Perhaps a revaluation of the Old Testament rule is helpful here. In Exodus 21:23-25, Leviticus 24:19-20 and Deuteronomy 19:21, it is the judges to whom God gives the law, not individuals. Punishments had been random and disproportionate to the crime. God’s new rules aimed to promote a fairer system of justice. An ‘eye for an eye’ was not intended to satisfy a personal vendetta but rather a call for a punishment that fitted the crime.
Jesus’ interpretation would not have suited the Jews of Jesus’ time. They would have seen it as a watering down, a weakening of the rights of the aggrieved person’s claim to justice. And why should they even consider such teaching from Jesus, an itinerant preacher from nowhere, a carpenter’s son? He did not fit the profile of the longed-for Jewish Messiah. The Jews were expecting a strong, military leader, a rich and splendid king ready to fight for the Jewish nation against the Roman oppressors. Most Jews would have dismissed with contempt Jesus’ urging to love their enemies. Responding to hated Roman soldiers with the generosity of spirit demanded by Jesus was a non-starter.
But God is a God of the impossible. With his help, and only with his help, some believers do find the inner spiritual resources to react to great personal hurt with an amazing love that reflects God’s grace.
One such extraordinary person was Gordon Wilson. On 8 November 1987 the Provisional IRA detonated a bomb during the Remembrance Day parade in Enniskillen, killing eleven and injuring 64 people. Gordon and his daughter Marie were trapped beneath the rubble, where Gordon held his daughter’s hand, as she lay dying. Gordon survived but Marie died.
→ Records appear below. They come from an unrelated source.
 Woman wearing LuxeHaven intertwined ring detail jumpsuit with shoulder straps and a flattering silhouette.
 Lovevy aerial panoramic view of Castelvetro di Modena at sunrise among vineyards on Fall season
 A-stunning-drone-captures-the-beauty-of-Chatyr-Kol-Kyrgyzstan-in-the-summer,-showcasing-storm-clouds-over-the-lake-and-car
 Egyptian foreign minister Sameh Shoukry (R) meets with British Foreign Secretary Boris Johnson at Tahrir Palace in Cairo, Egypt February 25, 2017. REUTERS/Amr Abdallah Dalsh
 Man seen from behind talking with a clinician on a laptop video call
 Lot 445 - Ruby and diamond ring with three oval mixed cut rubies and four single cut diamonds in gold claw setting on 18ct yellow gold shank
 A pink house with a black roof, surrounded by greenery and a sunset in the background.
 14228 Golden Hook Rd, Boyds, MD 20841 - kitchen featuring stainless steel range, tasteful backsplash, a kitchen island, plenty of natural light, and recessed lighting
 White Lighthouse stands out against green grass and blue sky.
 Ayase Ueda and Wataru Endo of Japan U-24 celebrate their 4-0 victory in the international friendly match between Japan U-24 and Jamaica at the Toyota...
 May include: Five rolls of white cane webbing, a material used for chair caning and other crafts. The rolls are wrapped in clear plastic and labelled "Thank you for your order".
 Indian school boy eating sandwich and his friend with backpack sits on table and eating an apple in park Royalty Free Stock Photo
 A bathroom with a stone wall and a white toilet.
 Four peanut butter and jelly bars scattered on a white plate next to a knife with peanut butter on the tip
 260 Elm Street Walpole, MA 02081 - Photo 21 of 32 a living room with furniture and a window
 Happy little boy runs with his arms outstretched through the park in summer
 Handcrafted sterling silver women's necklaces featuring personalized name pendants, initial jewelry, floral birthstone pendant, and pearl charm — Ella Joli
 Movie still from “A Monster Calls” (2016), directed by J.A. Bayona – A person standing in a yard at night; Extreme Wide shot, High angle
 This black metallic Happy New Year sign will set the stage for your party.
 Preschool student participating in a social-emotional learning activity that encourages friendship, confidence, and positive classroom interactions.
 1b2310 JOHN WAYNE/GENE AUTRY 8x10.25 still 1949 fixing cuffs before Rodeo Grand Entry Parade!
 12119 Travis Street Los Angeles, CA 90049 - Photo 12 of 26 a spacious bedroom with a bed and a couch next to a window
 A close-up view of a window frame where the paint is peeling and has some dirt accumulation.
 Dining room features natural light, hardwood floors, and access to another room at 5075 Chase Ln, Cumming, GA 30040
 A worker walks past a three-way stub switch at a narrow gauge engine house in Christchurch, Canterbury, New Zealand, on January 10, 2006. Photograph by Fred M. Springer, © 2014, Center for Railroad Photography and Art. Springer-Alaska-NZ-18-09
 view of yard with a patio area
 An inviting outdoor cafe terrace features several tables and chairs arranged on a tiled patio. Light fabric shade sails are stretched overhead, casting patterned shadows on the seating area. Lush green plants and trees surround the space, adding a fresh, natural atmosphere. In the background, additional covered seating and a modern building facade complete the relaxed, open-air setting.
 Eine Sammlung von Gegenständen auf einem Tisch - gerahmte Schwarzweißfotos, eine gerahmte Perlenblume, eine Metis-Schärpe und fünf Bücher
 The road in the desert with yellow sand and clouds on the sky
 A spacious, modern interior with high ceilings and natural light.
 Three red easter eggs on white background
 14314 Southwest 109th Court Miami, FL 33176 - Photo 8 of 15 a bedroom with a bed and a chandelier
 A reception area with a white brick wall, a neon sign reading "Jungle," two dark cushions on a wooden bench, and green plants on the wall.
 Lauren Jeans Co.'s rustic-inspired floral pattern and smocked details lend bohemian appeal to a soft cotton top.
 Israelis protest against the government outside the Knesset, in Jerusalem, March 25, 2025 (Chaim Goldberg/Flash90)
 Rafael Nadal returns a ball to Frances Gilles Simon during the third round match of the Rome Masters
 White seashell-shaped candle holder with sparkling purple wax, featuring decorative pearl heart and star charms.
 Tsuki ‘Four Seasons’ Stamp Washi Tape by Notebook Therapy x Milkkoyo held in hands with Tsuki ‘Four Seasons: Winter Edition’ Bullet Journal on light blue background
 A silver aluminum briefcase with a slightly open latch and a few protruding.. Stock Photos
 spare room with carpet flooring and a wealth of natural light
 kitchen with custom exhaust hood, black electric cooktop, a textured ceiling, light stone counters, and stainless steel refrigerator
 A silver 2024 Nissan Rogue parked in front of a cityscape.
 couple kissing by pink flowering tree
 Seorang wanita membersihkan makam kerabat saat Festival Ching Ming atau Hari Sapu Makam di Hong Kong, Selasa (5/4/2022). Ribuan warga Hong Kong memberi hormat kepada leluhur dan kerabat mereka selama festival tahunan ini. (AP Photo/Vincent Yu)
Gordon’s response to his terrible loss and the trauma of the bombing was remarkable. He stated that he bore no ill will and no grudge towards those responsible. He appealed for loyalists not to retaliate. A Christian and lifelong Methodist, Gordon’s calls for reconciliation and forgiveness came to be known as the Spirit of Enniskillen.
When the soldiers whipped Jesus, he absorbed their blows. He was forced to shoulder the equipment for his own death all the way to Golgotha; and when he was crucified in great pain, he prayed for the soldiers who had nailed him to the cross. He gave his life for us, a gift of immeasurable generosity and love.
This is the ever present, living God who invites us to follow him, striving for and believing in the all-inclusive love that perfects itself in Jesus.